Abstract

Offering a kaleidoscopic perspective on the experiences of Italian workers on foreign soil, Italian Workers of the World explores the complex links between international class formation and nation building. Distinguished by an international panel of contributors, this wide-ranging volume examines how the reception of immigrants in their new countries shaped their sense of national identity and helped determine the nature of the multiethnic states in which they settled. In Argentina and Brazil, Italian migrants were welcomed as a civilizing influence and were instrumental in establishing and leading syndicalist and anarcho-syndicalist labor movements committed to labor internationalism. In the United States, by contrast, where Italian workers were greeted by the American Federation of Labor's hostility to socialism, internationalism, and unskilled laborers, they organized in ethnically mixed unions, including the radical Industrial Workers of the World. The xenophobia they encountered in the land of opportunity ultimately encouraged sympathy among Italian Americans for Mussolini's modernizing, imperialist ambitions for the Italian state.
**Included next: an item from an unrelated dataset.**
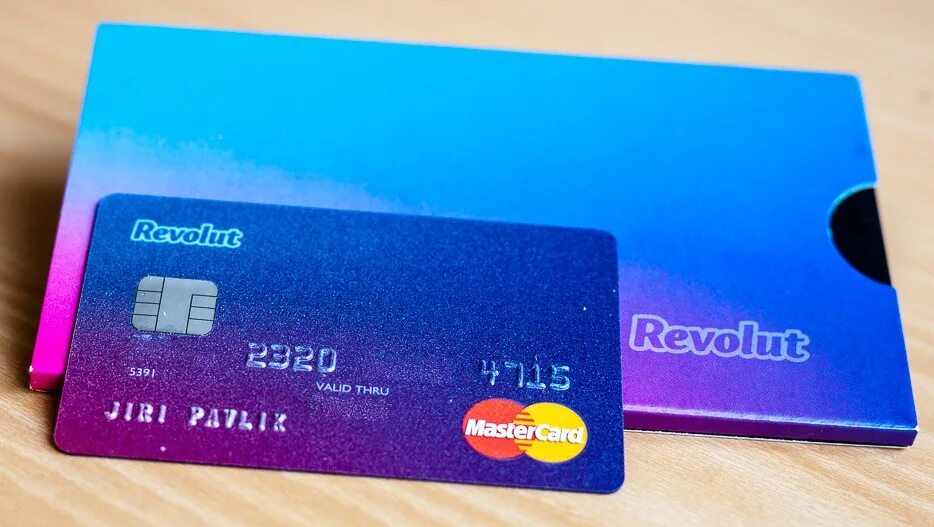 Revolut debit card platinum. Revolut счет. Revolut кредитная карта. Revolut personal. Revolut iphone.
Covering the work of republican Garibaldians in South America and antifascist currents among Italian migrants in France and the United States, as well as such seminal events as the 1912 textile strike in Lawrence, Massachusetts, and Mussolini's invasion of Ethiopia, Italian Workers of the World shows how modes of incorporating (or excluding) foreign-born workers were carried over from nineteenth-century labor movements to twentieth-century nation-states. This volume also paves the way for new modes of collaboration across the boundaries of historical nationalism.